- _RECORDS PROVIDED_:
....................

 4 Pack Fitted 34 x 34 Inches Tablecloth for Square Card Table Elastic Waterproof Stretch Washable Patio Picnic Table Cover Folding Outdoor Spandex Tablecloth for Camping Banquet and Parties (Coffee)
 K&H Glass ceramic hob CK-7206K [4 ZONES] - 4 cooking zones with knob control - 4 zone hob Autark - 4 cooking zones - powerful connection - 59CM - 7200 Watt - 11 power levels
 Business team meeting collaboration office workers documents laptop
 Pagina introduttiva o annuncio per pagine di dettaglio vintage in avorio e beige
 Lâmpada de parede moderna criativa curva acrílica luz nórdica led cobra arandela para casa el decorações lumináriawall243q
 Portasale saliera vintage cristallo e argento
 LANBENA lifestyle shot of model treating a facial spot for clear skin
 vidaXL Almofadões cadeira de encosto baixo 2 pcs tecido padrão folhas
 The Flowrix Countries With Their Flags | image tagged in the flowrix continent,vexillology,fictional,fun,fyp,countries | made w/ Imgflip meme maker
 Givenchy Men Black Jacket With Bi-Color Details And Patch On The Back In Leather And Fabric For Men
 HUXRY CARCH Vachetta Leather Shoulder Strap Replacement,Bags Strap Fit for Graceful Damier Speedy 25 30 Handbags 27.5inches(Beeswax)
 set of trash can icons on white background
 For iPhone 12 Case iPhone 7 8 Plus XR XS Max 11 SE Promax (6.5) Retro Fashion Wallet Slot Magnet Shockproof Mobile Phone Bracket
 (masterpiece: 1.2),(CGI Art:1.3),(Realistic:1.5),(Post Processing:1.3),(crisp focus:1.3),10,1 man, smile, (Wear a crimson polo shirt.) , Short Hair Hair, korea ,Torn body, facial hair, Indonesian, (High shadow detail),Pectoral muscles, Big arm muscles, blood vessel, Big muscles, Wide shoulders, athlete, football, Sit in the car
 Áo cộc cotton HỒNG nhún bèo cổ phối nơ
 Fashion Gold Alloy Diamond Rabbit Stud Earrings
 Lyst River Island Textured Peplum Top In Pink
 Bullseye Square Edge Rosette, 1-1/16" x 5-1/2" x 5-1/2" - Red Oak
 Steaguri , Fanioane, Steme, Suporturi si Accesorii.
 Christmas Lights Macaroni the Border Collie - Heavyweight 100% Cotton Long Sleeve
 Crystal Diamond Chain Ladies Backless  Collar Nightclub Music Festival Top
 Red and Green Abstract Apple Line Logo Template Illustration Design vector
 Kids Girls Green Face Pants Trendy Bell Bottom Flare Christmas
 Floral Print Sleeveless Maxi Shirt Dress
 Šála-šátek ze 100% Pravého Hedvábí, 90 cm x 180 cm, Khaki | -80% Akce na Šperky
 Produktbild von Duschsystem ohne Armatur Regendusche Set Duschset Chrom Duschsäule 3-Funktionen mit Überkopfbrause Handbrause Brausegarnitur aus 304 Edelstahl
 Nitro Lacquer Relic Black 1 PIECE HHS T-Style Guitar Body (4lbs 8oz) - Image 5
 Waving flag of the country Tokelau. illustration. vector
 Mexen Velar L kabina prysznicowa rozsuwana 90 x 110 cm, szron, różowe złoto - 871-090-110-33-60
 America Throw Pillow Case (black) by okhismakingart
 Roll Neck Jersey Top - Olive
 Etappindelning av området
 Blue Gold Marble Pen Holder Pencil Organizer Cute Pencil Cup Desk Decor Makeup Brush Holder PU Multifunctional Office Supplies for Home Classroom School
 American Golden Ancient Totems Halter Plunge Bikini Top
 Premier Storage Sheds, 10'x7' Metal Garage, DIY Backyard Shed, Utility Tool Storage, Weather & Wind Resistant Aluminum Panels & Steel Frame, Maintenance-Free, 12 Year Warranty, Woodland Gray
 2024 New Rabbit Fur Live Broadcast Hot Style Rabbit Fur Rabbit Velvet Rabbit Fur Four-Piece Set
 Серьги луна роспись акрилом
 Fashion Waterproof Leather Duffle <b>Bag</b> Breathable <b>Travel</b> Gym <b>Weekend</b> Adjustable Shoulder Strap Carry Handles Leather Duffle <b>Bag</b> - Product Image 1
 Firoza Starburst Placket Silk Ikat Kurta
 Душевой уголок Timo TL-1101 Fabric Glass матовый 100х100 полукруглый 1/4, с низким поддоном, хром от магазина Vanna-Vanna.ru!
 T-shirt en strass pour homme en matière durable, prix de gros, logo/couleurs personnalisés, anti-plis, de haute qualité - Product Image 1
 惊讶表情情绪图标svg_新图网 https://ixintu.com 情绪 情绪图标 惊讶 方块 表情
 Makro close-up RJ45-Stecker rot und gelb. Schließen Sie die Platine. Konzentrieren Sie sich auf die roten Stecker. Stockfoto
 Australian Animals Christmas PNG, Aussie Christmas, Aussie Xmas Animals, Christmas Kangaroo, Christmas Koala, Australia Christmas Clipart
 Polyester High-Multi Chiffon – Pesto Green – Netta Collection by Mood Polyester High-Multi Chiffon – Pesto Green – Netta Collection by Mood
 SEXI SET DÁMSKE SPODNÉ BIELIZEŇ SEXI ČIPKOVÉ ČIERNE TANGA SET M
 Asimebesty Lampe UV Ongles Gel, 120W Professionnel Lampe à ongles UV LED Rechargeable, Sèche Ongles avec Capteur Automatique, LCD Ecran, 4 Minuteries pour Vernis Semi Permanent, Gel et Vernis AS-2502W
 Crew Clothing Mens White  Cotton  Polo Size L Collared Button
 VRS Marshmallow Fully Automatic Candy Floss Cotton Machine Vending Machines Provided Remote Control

....................

- _WHAT THIS TASK INVOLVES_:
Where the listing above has a line with "Produktbild von Duschsystem", start there, and output every line exactly through the line with "Australian Animals Christmas", which is also included.

- _EXERCISE RESPONSE_:
 Produktbild von Duschsystem ohne Armatur Regendusche Set Duschset Chrom Duschsäule 3-Funktionen mit Überkopfbrause Handbrause Brausegarnitur aus 304 Edelstahl
 Nitro Lacquer Relic Black 1 PIECE HHS T-Style Guitar Body (4lbs 8oz) - Image 5
 Waving flag of the country Tokelau. illustration. vector
 Mexen Velar L kabina prysznicowa rozsuwana 90 x 110 cm, szron, różowe złoto - 871-090-110-33-60
 America Throw Pillow Case (black) by okhismakingart
 Roll Neck Jersey Top - Olive
 Etappindelning av området
 Blue Gold Marble Pen Holder Pencil Organizer Cute Pencil Cup Desk Decor Makeup Brush Holder PU Multifunctional Office Supplies for Home Classroom School
 American Golden Ancient Totems Halter Plunge Bikini Top
 Premier Storage Sheds, 10'x7' Metal Garage, DIY Backyard Shed, Utility Tool Storage, Weather & Wind Resistant Aluminum Panels & Steel Frame, Maintenance-Free, 12 Year Warranty, Woodland Gray
 2024 New Rabbit Fur Live Broadcast Hot Style Rabbit Fur Rabbit Velvet Rabbit Fur Four-Piece Set
 Серьги луна роспись акрилом
 Fashion Waterproof Leather Duffle <b>Bag</b> Breathable <b>Travel</b> Gym <b>Weekend</b> Adjustable Shoulder Strap Carry Handles Leather Duffle <b>Bag</b> - Product Image 1
 Firoza Starburst Placket Silk Ikat Kurta
 Душевой уголок Timo TL-1101 Fabric Glass матовый 100х100 полукруглый 1/4, с низким поддоном, хром от магазина Vanna-Vanna.ru!
 T-shirt en strass pour homme en matière durable, prix de gros, logo/couleurs personnalisés, anti-plis, de haute qualité - Product Image 1
 惊讶表情情绪图标svg_新图网 https://ixintu.com 情绪 情绪图标 惊讶 方块 表情
 Makro close-up RJ45-Stecker rot und gelb. Schließen Sie die Platine. Konzentrieren Sie sich auf die roten Stecker. Stockfoto
 Australian Animals Christmas PNG, Aussie Christmas, Aussie Xmas Animals, Christmas Kangaroo, Christmas Koala, Australia Christmas Clipart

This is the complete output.